- **EXTRACTED RECORDS**
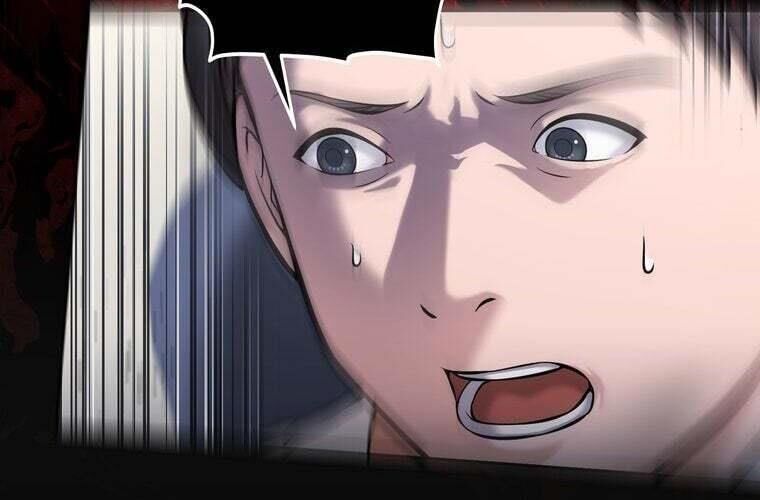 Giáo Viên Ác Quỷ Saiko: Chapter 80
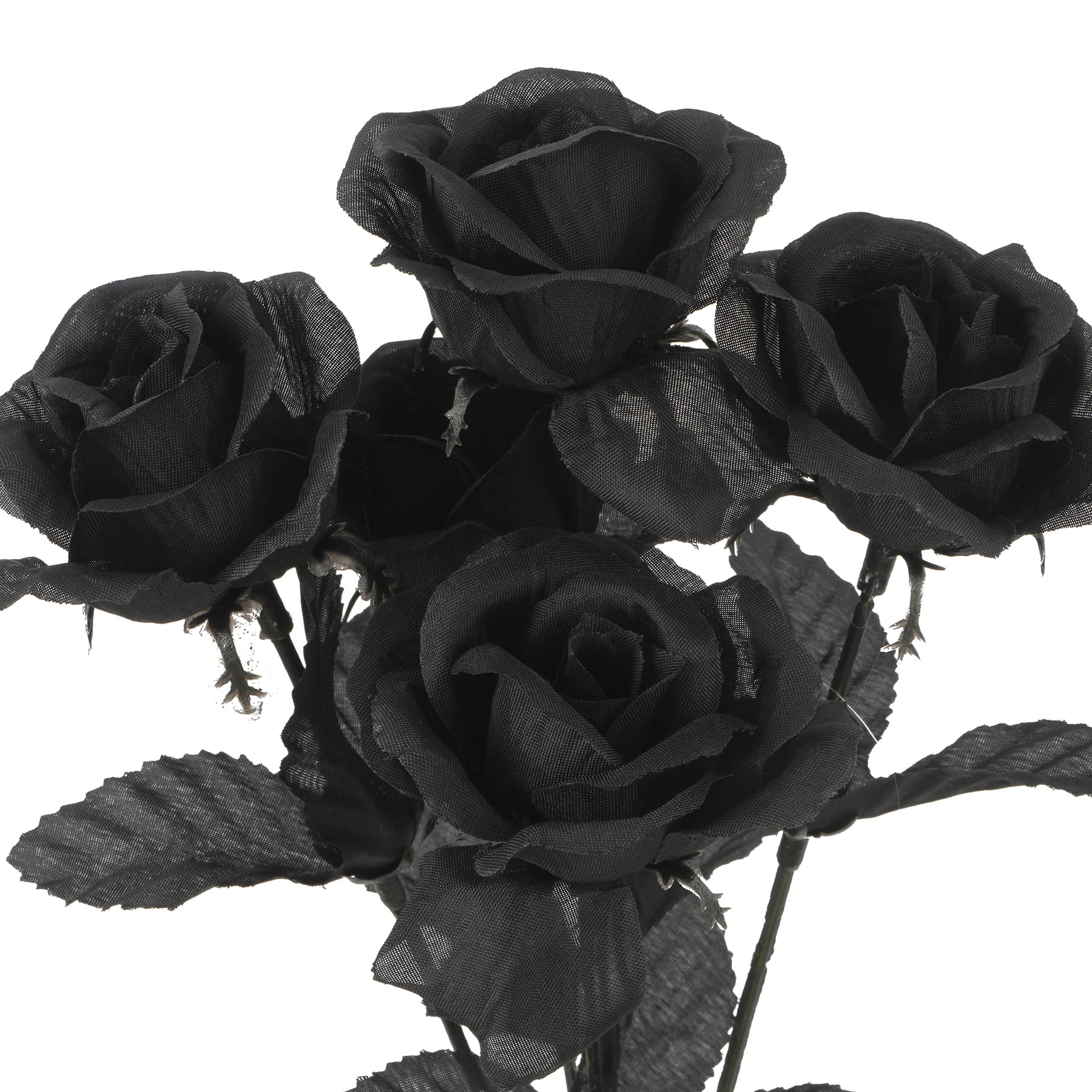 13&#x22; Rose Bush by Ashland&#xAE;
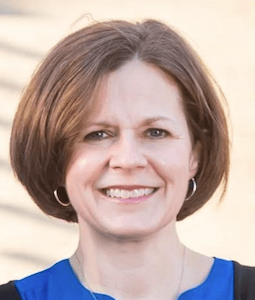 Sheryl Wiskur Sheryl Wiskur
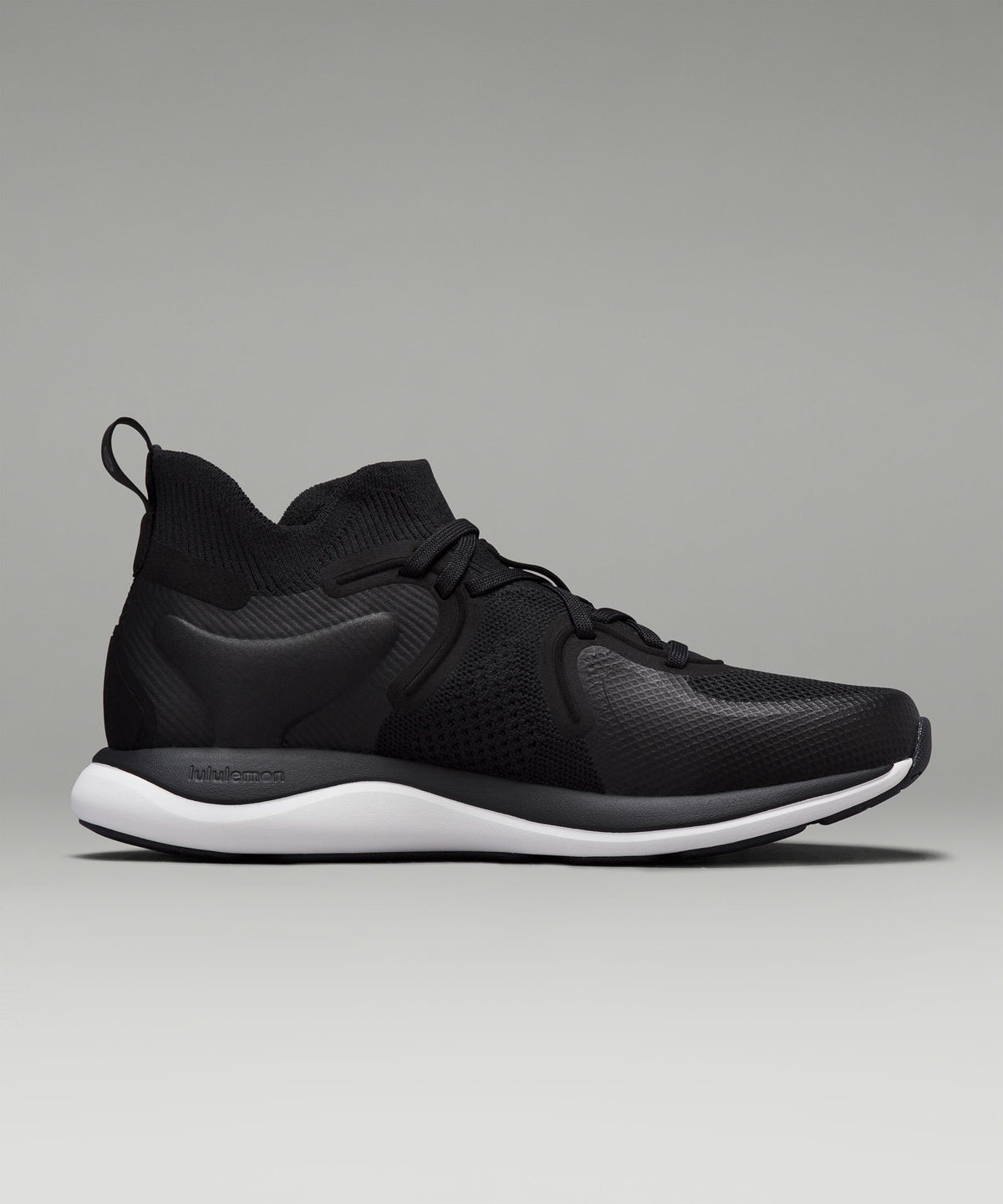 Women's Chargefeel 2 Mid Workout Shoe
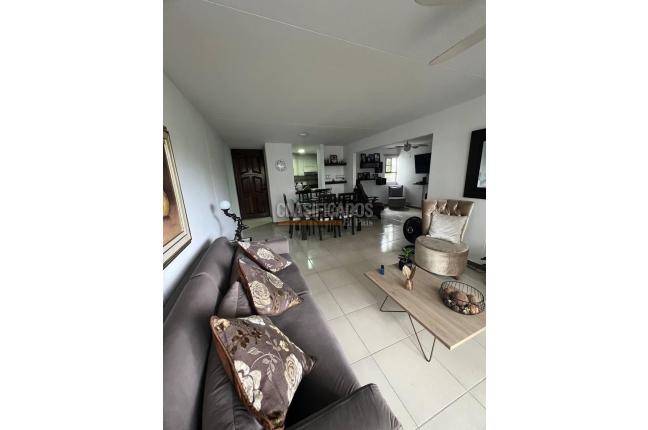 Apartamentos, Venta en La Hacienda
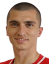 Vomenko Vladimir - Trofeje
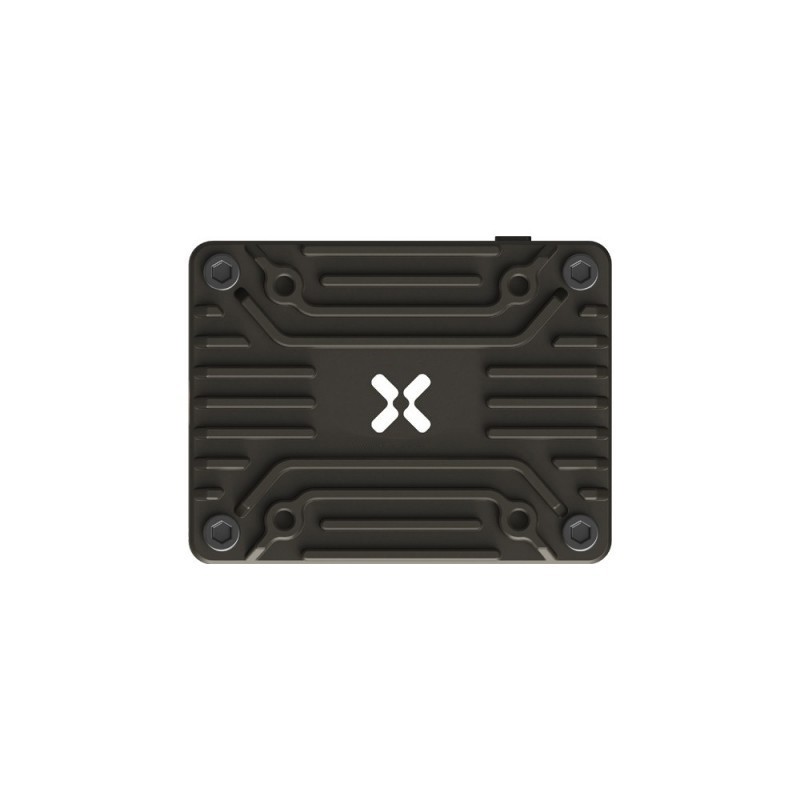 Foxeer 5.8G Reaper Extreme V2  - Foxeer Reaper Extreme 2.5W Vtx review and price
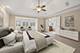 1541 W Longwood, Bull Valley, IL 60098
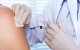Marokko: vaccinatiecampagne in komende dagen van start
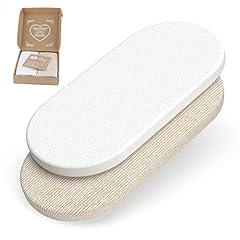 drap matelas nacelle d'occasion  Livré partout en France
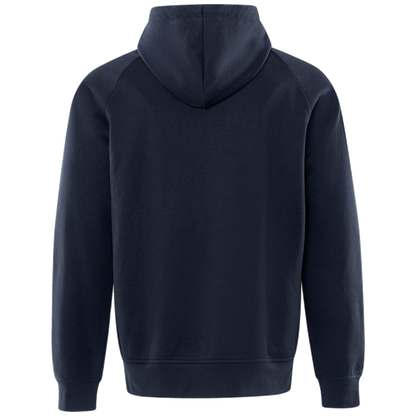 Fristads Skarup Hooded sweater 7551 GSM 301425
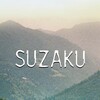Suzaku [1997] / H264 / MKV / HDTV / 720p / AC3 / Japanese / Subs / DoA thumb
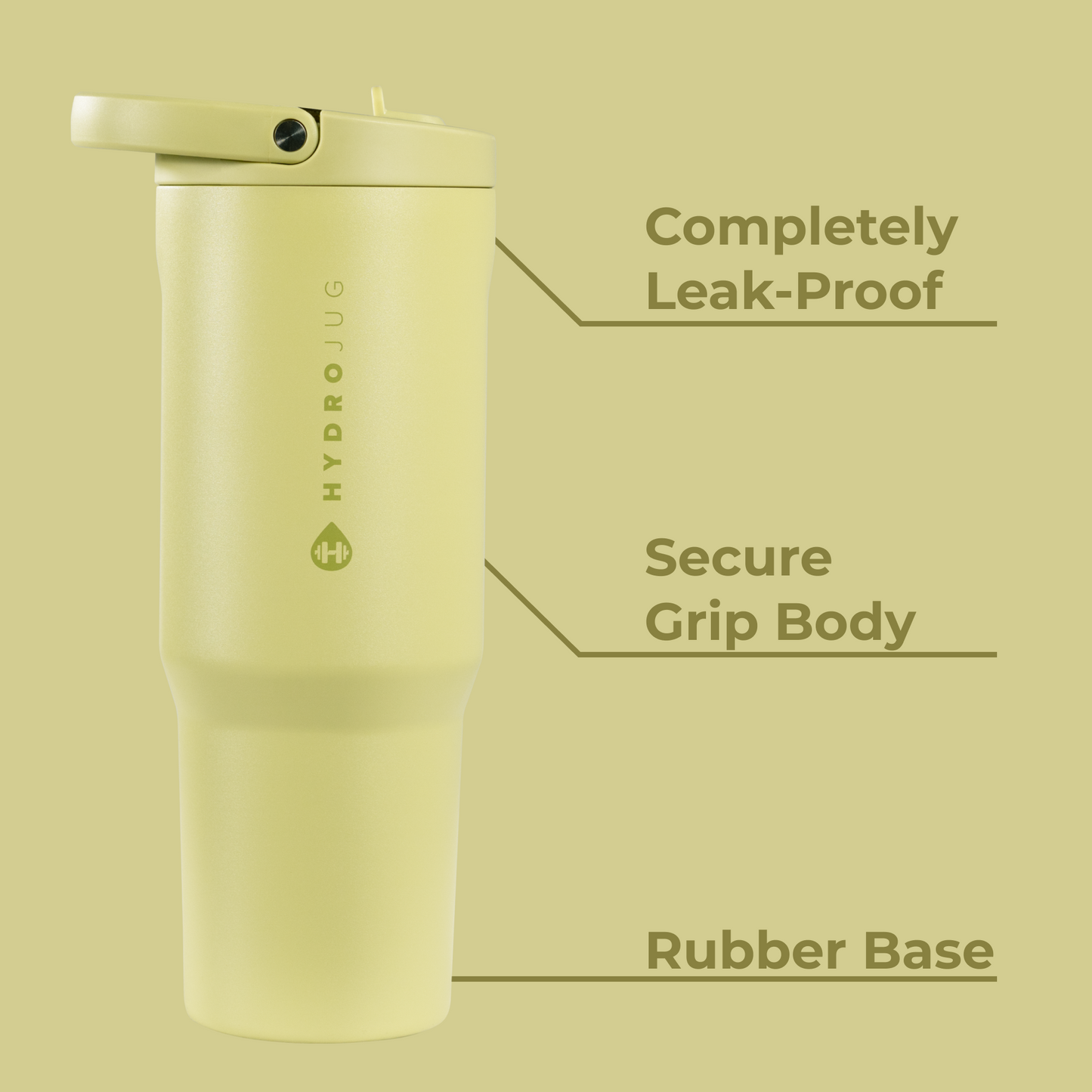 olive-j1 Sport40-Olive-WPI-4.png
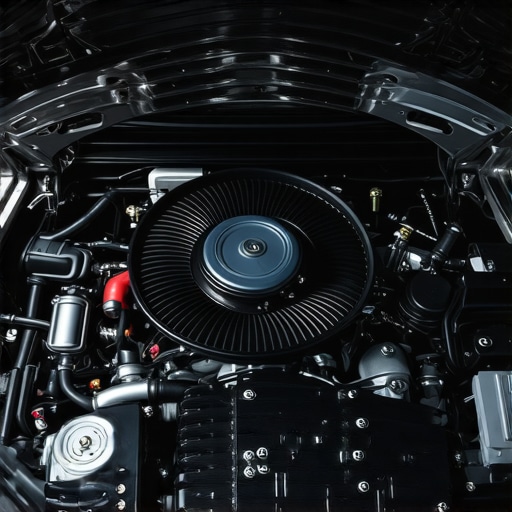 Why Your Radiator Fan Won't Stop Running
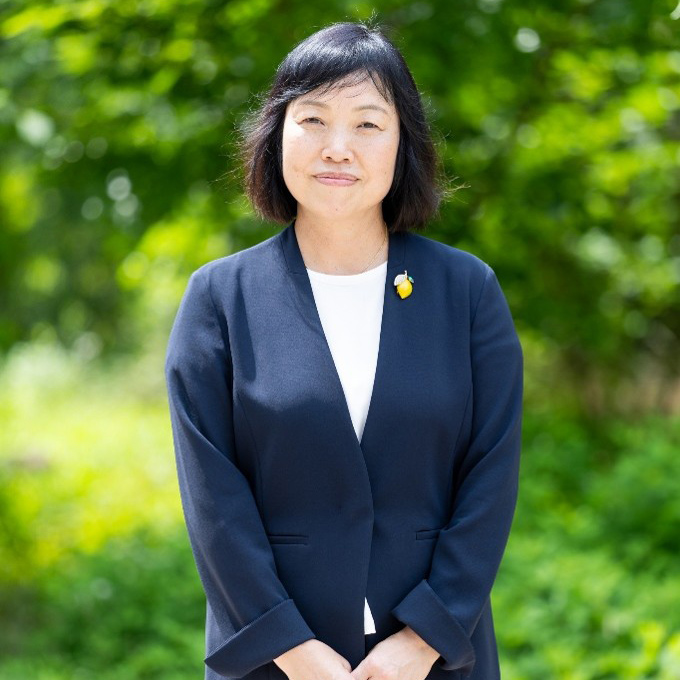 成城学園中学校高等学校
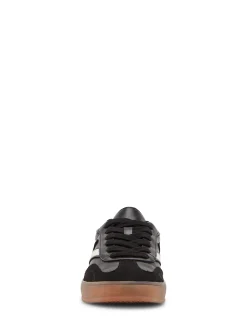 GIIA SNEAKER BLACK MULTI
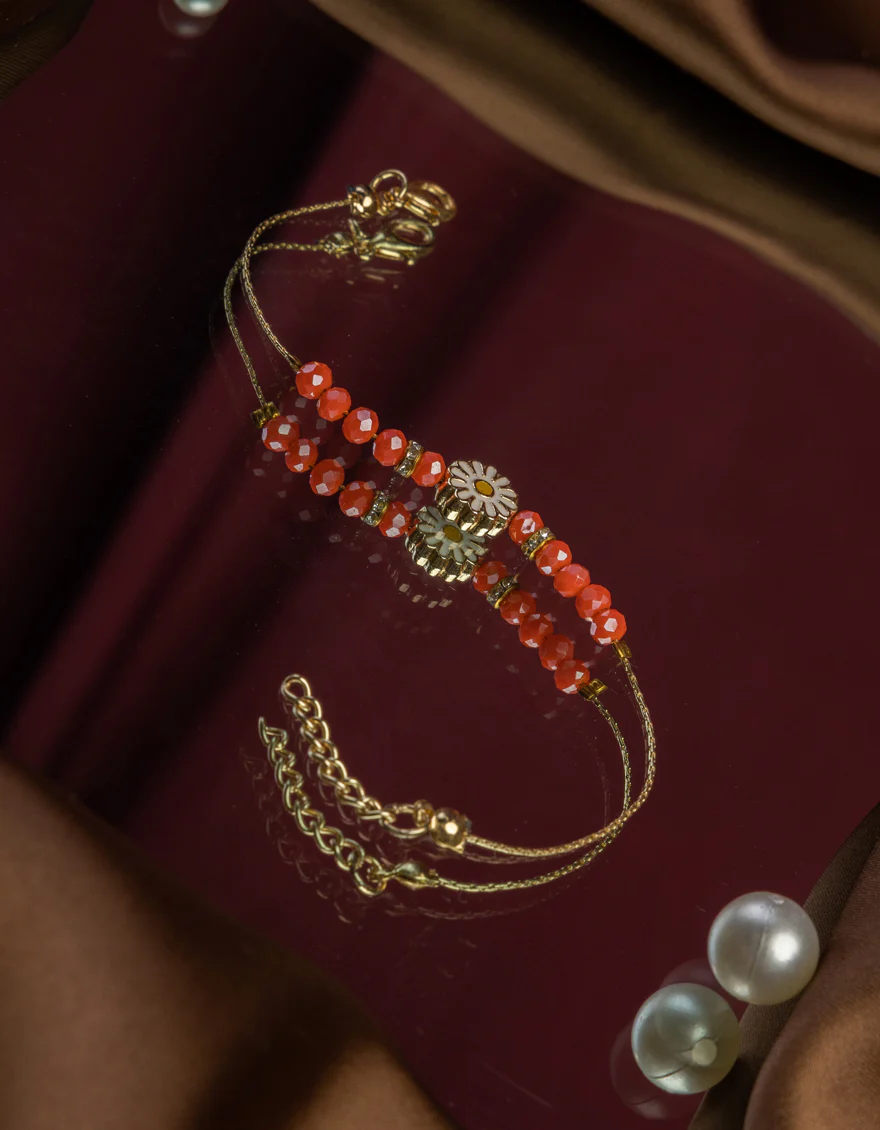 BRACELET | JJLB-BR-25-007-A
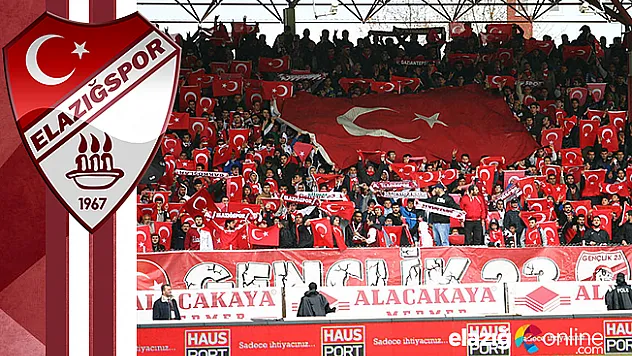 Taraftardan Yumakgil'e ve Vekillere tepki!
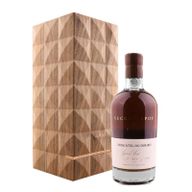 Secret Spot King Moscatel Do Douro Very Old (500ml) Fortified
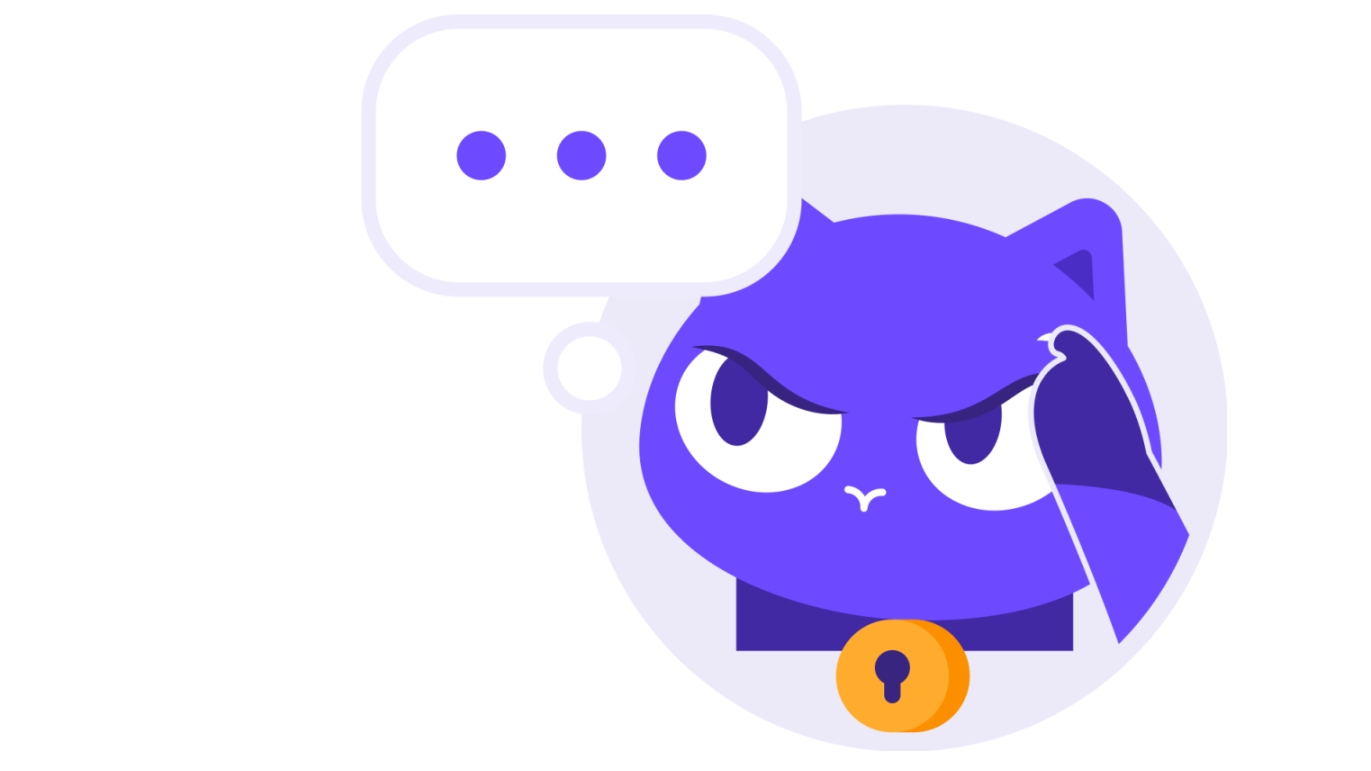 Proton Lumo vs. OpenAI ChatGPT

- **WORK REQUIRED**
Word for word, reproduce all of the entries above and omit the pictures.

- **WRITTEN SOLUTION**
 Giáo Viên Ác Quỷ Saiko: Chapter 80
 13&#x22; Rose Bush by Ashland&#xAE;
 Sheryl Wiskur Sheryl Wiskur
 Women's Chargefeel 2 Mid Workout Shoe
 Apartamentos, Venta en La Hacienda
 Vomenko Vladimir - Trofeje
 Foxeer 5.8G Reaper Extreme V2  - Foxeer Reaper Extreme 2.5W Vtx review and price
 1541 W Longwood, Bull Valley, IL 60098
Marokko: vaccinatiecampagne in komende dagen van start
 drap matelas nacelle d'occasion  Livré partout en France
 Fristads Skarup Hooded sweater 7551 GSM 301425
Suzaku [1997] / H264 / MKV / HDTV / 720p / AC3 / Japanese / Subs / DoA thumb
 olive-j1 Sport40-Olive-WPI-4.png
 Why Your Radiator Fan Won't Stop Running
 成城学園中学校高等学校
 GIIA SNEAKER BLACK MULTI
 BRACELET | JJLB-BR-25-007-A
 Taraftardan Yumakgil'e ve Vekillere tepki!
 Secret Spot King Moscatel Do Douro Very Old (500ml) Fortified
 Proton Lumo vs. OpenAI ChatGPT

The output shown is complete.